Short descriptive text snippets
%%
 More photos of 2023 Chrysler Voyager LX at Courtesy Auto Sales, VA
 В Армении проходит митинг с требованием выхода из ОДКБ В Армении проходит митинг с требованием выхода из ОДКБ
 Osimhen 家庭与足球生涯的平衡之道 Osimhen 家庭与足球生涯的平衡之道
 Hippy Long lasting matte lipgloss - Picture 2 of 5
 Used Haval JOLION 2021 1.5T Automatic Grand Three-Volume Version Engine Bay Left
%%
%%
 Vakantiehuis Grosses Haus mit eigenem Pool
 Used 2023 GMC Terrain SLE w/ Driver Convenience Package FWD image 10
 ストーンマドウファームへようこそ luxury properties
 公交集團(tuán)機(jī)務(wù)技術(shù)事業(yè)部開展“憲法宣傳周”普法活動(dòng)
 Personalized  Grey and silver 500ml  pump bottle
%%
■ Your task: All lines above from the line with "Vakantiehuis Grosses Haus mit eigenem Pool" through the line with "Grey and silver", both included, are to be set down exactly, with nothing else.

■ Task answer:
 Vakantiehuis Grosses Haus mit eigenem Pool
 Used 2023 GMC Terrain SLE w/ Driver Convenience Package FWD image 10
 ストーンマドウファームへようこそ luxury properties
 公交集團(tuán)機(jī)務(wù)技術(shù)事業(yè)部開展“憲法宣傳周”普法活動(dòng)
 Personalized  Grey and silver 500ml  pump bottle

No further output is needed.